In: Finance
1. Explain the effect of time to expiration on call and put premiums. Explain 3 different ways the time value of an option can be zero.
Please clearly explain the answer and list 3 ways and support your answer.
Most investors and traders new to options markets prefer to buy calls and puts because of their limited risk and unlimited profit potential. Buying puts or calls is typically a way for investors and traders to speculate with only a fraction of their capital. But these straight option buyers miss many of the best features of stock and commodity options, such as the opportunity to turn time-value decay (the reduction in value of an options contract as it reaches its expiration date) into potential profits.
When establishing a position, option sellers collect time-value premiums paid by option buyers. Rather than losing out because of time decay, the option seller can benefit from the passage of time, and time-value decay becomes money in the bank even if the underlying asset is stationary.

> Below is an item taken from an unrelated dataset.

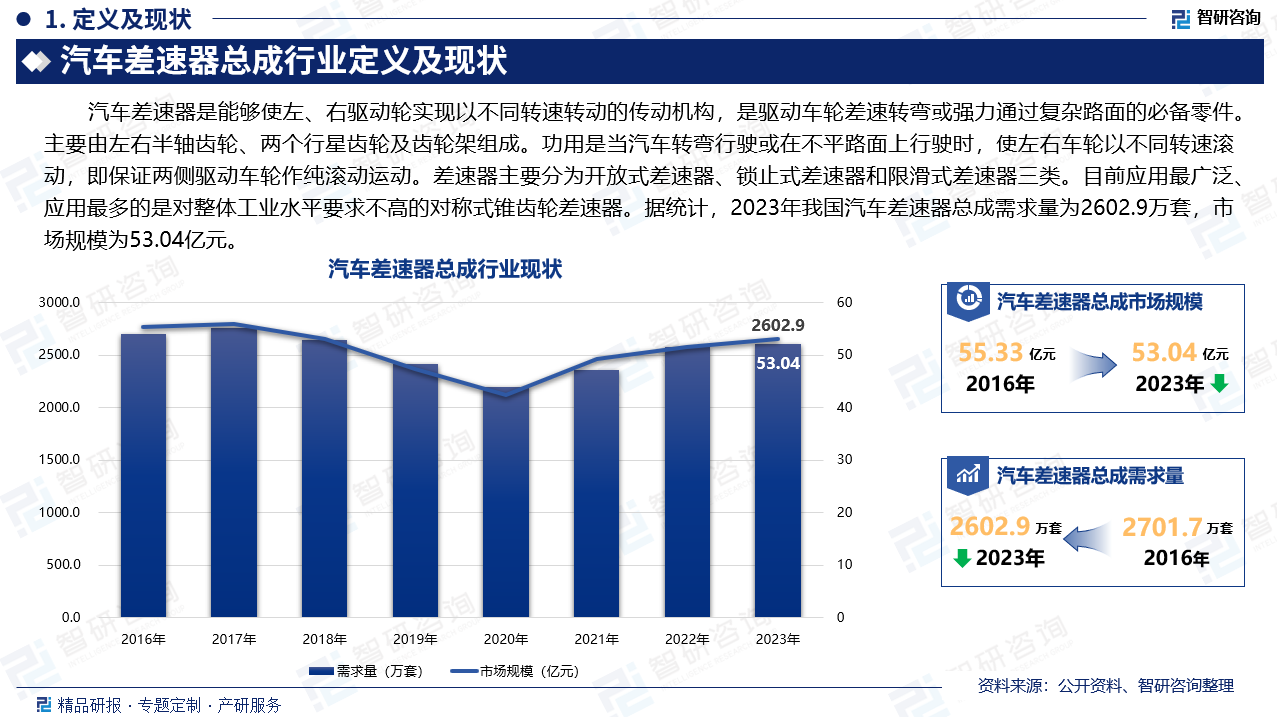 汽车差速器是能够使左、右驱动轮实现以不同转速转动的传动机构，是驱动车轮差速转弯或强力通过复杂路面的必备零件。主要由左右半轴齿轮、两个行星齿轮及齿轮架组成。功用是当汽车转弯行驶或在不平路面上行驶时，使左右车轮以不同转速滚动，即保证两侧驱动车轮作纯滚动运动。差速器主要分为开放式差速器、锁止式差速器和限滑式差速器三类。目前应用最广泛、应用最多的是对整体工业水平要求不高的对称式锥齿轮差速器。据统计，2023年我国汽车差速器总成需求量为2602.9万套，市场规模为53.04亿元。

Intrinsic Value vs. Time Value | |||
---|---|---|---|
In-the-money | Out-of-the money | At-the-money | |
Put/Call | Time-value decreases as the option gets deeper in the money; intrinsic value increases. | Time-value decreases as option gets deeper out of the money; intrinsic value is zero. | Time-value is at a maximum when an option is at the money; intrinsic value is zero. |
The table below illustrates this concept and indicates when time value would be higher or lower and whether there will be any intrinsic value (which arises when the option gets in the money) in the price of the option. As the table indicates, deep in-the-money options and deep out-of-the-money options have little time value. Intrinsic value increases the more in the money the option becomes. And at-the-money options have the maximum level of time value but no intrinsic value. Time value is at its highest level when an option is at the money because the potential for intrinsic value to begin to rise is greatest at this point.